I was playing with rebin algo and came to strange behaviour. See below.
for matrix 1;3;4;4;6;6 and dt=2 i was hoping to get
ry = 2 4 6 and rx = 2 4 6 but im getting ry = 2 4 and rx = 1 3
so it seems it missing last data point and makes a future leak. Can you comment this.
Krzysztof
>> cc=[1;3;4;4;6;6]
cc =
1
3
4
4
6
6
>> x=1:length(cc)
x =
1 2 3 4 5 6
>> dt=2
dt =
2
>> dy=[]
dy =
[]
>> [rx,ry]=rebin(x,cc,dy,dt)
rx =
1
3
ry =
2
4
>>
Good observation.
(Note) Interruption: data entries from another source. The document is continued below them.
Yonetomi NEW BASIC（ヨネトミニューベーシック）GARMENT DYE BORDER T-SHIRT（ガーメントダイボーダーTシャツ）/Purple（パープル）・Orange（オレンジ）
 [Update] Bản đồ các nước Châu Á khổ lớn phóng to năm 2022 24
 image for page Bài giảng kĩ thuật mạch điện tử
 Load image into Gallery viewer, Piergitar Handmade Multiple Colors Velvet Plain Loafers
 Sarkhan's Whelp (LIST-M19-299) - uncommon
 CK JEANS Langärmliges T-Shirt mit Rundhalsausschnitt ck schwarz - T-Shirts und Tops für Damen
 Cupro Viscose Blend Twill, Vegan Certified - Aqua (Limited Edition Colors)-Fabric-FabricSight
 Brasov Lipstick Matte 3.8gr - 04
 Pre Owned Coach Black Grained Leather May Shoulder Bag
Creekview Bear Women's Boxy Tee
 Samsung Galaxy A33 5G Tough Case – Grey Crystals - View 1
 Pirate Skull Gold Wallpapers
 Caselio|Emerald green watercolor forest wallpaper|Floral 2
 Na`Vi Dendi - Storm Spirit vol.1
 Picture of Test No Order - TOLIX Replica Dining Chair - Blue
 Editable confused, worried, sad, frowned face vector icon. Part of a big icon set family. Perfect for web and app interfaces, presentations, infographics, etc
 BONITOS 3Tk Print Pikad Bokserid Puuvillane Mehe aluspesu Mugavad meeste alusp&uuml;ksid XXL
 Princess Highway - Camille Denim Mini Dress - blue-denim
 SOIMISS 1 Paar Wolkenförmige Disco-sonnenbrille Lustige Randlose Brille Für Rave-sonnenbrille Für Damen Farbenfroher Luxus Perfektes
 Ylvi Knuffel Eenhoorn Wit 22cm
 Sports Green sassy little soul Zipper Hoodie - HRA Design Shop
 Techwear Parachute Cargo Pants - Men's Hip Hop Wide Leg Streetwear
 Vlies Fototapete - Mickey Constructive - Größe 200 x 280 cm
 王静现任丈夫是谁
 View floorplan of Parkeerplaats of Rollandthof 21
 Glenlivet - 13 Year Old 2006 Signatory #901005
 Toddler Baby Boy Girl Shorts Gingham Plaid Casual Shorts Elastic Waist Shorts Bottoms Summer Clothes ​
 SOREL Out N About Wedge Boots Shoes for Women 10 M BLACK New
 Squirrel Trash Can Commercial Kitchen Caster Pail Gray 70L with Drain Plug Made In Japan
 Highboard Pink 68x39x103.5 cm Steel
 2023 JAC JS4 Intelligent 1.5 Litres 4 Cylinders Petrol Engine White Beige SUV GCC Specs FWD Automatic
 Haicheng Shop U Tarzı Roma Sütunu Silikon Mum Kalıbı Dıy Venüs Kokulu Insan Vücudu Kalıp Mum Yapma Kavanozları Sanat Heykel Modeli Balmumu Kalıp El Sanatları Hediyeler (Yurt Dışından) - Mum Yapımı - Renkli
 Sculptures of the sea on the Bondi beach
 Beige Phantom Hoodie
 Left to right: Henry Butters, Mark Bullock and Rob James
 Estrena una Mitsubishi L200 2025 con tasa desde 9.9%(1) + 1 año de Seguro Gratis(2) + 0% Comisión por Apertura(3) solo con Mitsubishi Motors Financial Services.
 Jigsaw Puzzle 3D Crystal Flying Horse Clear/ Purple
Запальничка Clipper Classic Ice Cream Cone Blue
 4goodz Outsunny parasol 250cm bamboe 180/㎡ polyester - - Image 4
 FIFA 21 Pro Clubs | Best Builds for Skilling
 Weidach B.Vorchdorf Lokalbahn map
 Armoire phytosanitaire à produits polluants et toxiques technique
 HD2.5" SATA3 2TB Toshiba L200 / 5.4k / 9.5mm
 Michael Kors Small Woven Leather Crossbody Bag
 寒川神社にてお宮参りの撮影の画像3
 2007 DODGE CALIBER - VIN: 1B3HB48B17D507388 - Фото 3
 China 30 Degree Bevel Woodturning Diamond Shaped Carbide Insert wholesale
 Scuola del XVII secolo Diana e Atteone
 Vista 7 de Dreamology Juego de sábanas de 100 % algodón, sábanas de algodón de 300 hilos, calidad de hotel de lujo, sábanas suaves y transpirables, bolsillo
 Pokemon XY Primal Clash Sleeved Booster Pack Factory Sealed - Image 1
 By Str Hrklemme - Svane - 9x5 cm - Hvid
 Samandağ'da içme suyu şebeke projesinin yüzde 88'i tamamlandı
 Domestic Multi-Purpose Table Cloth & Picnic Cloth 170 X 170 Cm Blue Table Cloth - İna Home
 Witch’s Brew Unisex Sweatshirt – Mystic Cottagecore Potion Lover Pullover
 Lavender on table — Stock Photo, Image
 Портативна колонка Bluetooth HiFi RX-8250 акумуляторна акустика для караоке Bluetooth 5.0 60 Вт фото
You can get rx=[2 4] if you change in code a line #48 to rx=(2*t2-dt)/2. But I programmed (on purpose) this algo in the way to reject some data points at the end as defined in line #31. It was over 7 years ago and I had some reasons for doing that. You can fix this but redefining test conditions.
OK I see now, your algorithm just average the data for subperiod dt and creates new time series from those values. Initially I thought that it picks data points every dt period and makes linear regression between them so I think I know answer for my
question.
Krzysztof
I wanted to use your rebinned data for training AI algos for my FOREX system to see if it improves the results. For more info see:
http://www.trade2win.com/boards/trading-software/105880-3rd-generation-nn-deep-learning-deep-belief-nets-restricted-boltzmann-machines.html
however than i coming to the following problem for real time application. If I down sample the data with dt as you suggest (e.g. 60) than I need in real time the data values in time t+1, t+2, t+3…t+59 for my model to predict properly as it was learning on rebinned data. So how can I obtain those data points ??
Krzysztof
Hi Krzysztof, thx for your comment. The algo I described here works as an up-sampler only, so if you have unevenly sampled FX tick time-series and you want to get a new one but sampled every 60 sec, you can use this algo. Yes, it averages all data points every new (e.g.) dt=60 sec. It has some extra value added because you can overplot the standard deviation for each new bin.